1. Field of the Invention
The present invention relates to an electron gun with band-shaped beams for producing an electron beam with a band-shaped cross-section. It is equipped with a linear cathode and is particularly suitable for low-energy electron beam systems. The electron beam exits into the atmosphere from a beam window, also called Lenard window. Preferred applications are the curing and cross-linkage of thin polymer coatings with a coating thickness of up to several 10 .mu.m on band- as well as slab-shaped coating substrates.
2. Discussion of Background Information
Electron beam devices are known, wherein short, wire-shaped cathodes that are stressed in the running direction of the product are arranged in its electron gun. These cathodes are arranged equidistant and parallel to one another at certain distances and individually suspended under tension by springs. Their number is determined by the respective beam widths and therefore the window length. The cathode length is derived from the window width. Each of these cathodes is concentrically surrounded by a cylindrical grid. In addition another broad grid which stretches over all the grid-cathode arrangements is generally provided. The grids have been assigned different potentials and serve to homogenize the current density laterally to the cathode voltage direction (U.S. Pat. No. 3,863,163).

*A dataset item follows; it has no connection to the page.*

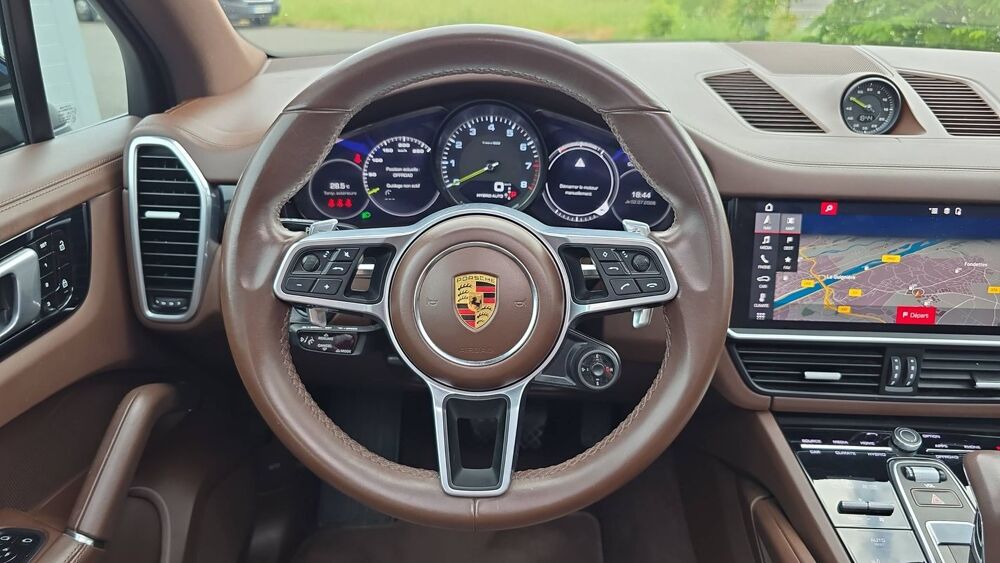 Cayenne 3.0 V6 462 e-Hybrid 4X4 Tiptronic 8 N/A 2021 occasion 37230 Fondettes
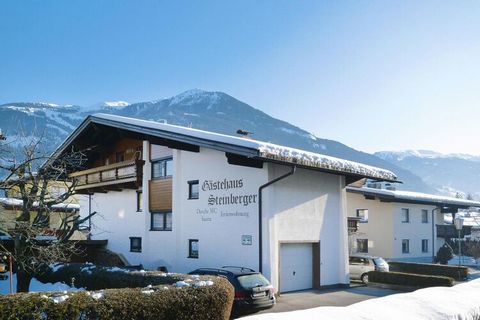 Maison de campagne avec un beau balcon, au milieu de la meilleure région de randonnée du Zillertal (550 m d'altitude). Cette maison confortable à la gestion familiale est située dans le quartier de Kleinboden et offre une détente parfaite en vacances...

Since all of these cathodes are wired electrically in parallel, the disadvantage is that very high heating currents can arise--especially with large exposure widths and a correspondingly large number of parallel cathodes. Such cathode systems are used in particular for electron beam systems with acceleration voltages in the range of &gt;180 kV. The width of the beam window is thereby in the range of 200 mm. Another disadvantage of such electron beam systems is that if an outage of single cathodes occurs, the homogeneity of the current density in the window length is significantly disturbed. The change of a cathode is very costly and time-consuming due to the construction.
Electron beam generators with a band-shaped beam cross-section whose beam window corresponds in length to the product width (DE 44 32 983 C1) are known. They have one or more parallel cathodes arranged over the window length and therefore the exposure width. A spring prestressing of the cathodes is necessary in order to limit the cathode sag. This cathode arrangement is surrounded by a generally tube-shaped control electrode, slitted in the beam direction, which serves to form the beam and if necessary to control the beam current.
All the devices have the disadvantage that with increasing window length, and thus also cathode length, a voltage strength is necessary which exceeds the yielding point of the cathode material at operating temperature. The result thereof is that with increased operating time the cathode length increases and the planned constructional oscillation path is reached. A cathode tear or an inadmissibly cathode sag leads to a critical limitation of the cathode's lifespan. The stretching of the cathode material thus limits the applicability of such cathode Systems based on cathode lengths, and therefore beam widths, of about one meter.
In addition, these cathode systems tend to undergo mechanical oscillations. Such oscillations can easily be instigated by external influences. The result of such cathode oscillations can be uncontrollable effects upon the beam formation and thus the homogeneity of the electron beam. The problems resulting from the oscillations also increase with the length of the voltage cathode system.
To limit the disadvantages connected with the voltage cathode system, one or more intermittent suspension devices of the cathode have been suggested. These solutions are of only limited use, since the heating of the cathodes is connected with a considerable change in length and the suspension must tolerate this change in length. To this is added an emission intrusion of the cathode at the place of suspension due to heat dissipation. A further disadvantage is that the suspension device itself has a local effect on the potential distribution near the cathodes, which can also have a negative impact on the homogeneity of the beam current density distribution.